だからそれを不正に読み取られないようIDやらパスワード認証が・・と前述の知人や世間の多くの人は言うでしょうが、それって月河のカードなら月河だけが知っていて、月河が韓国時代劇みたいに椅子に括りつけられてギーコラ拷問されて吐きでもしないかぎりこの世の誰ひとり知らないまま、というわけにはいきません。カード会社のデータ倉庫に、合い言葉よろしく原簿が保管されているわけです。
これこそパスワードどころじゃなくがっちり十重二十重に電子ロック施錠されているに違いない。と思いたい。
・・・けど、おぉ今般の7payのような事案が、現に発生したではありませんか。世界のどこかから、ロックがどんな巧妙で悪質で暴力的なアクセスを受けて、どれくらいの確率でどの程度の情報を漏洩させてしまうかまったくわからないのです。
キャッシュレス決済は便利です。それは認めます。しかしその便利は何項目もの、知られずもがなの個人情報を白旗かかげてお預け、提供することで担保されている。便利な決済サービスを提供するセブン&アイのような会社、カード発行元が当方の、絶対悪用されては困る、命に代えても守秘してもらわなければ許せない情報を、どれくらい真剣に、スキなく保管してくれているか、信用しようと思えば信用できるけれども、疑問符付け始めれば無限大に疑問符が並んで行く。

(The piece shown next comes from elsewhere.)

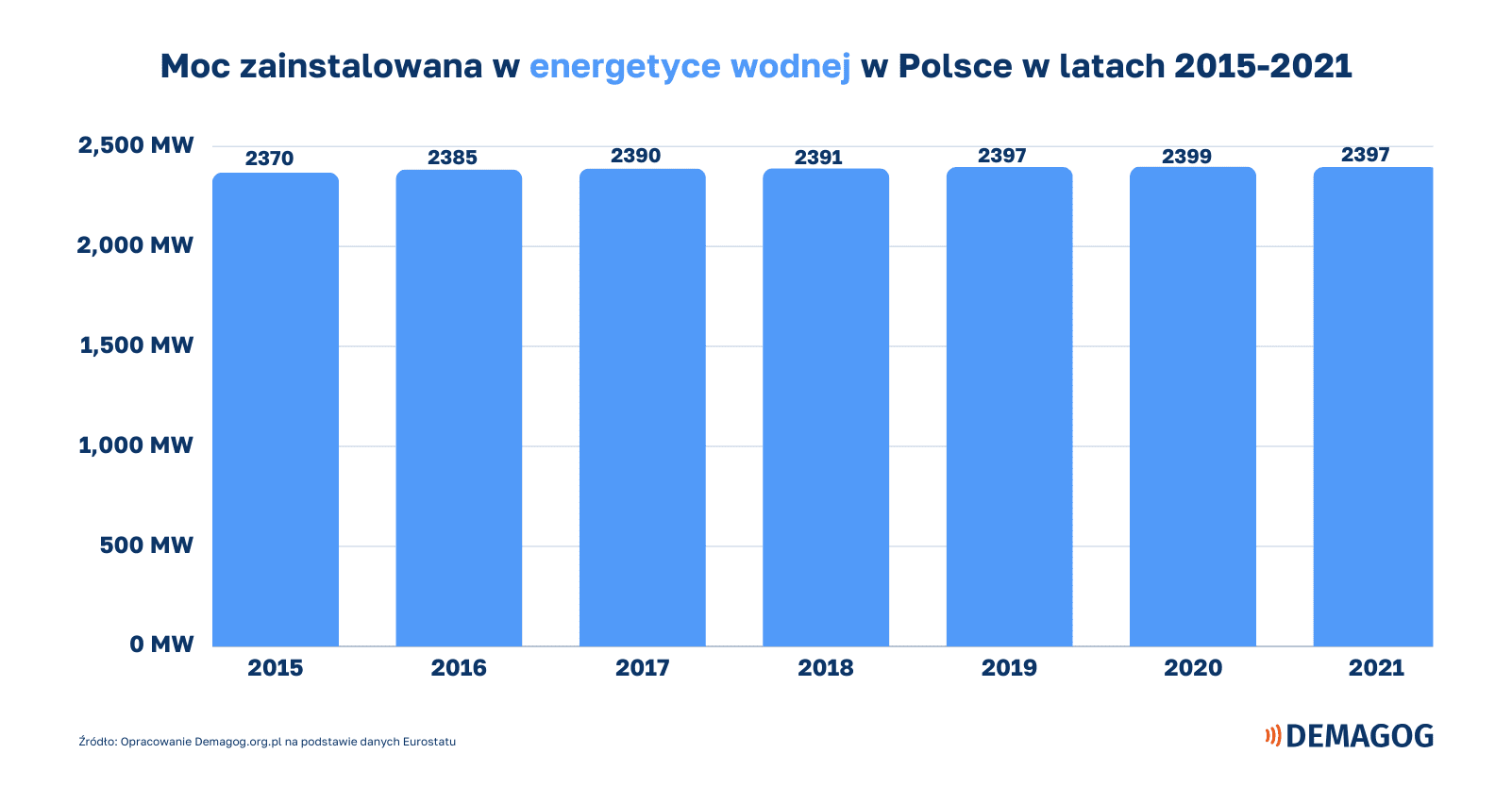 wykres słupkowy o mocy zainstalowanej w energii wodnej w Polsce w latach 2015-2021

今回、月河の年代にとっては1970年代「あいててよかった」のキャッチで認知したセブンイレブンも、いまはこんなサラリーマン然としたおじさまたちが経営陣なんだなあ・・というのもある意味軽い衝撃でしたが、本来“切らして困ったモノ、急に必要になったモノが、深夜早朝でも買える”というきわめてアナログな消費者サービスから始まったコンビニエンスストアの会社が、キャッシュレス電子決済というデジタルの極み、会社のそもそもの出自を思い返せば不得意に決まっているサービスを、急ごしらえでカバーしようとして、案の定大しくじりにしくじったのは腑に落ちる結末の様にも思いました。
やっぱり、性に合わないこと、任じゃないこと、同業の誰よりも隅々熟知している自信がないことには手を出さないに限ります。
月河も、まぁ銃口突き付けられなくてもキャッシュレスユーザーにいずれなるかもしれないけど、カードを出し入れするたびに脳裏をよぎるイヤぁな感じに、慣れないよう、鈍感にならないようにやっていきたいと思います。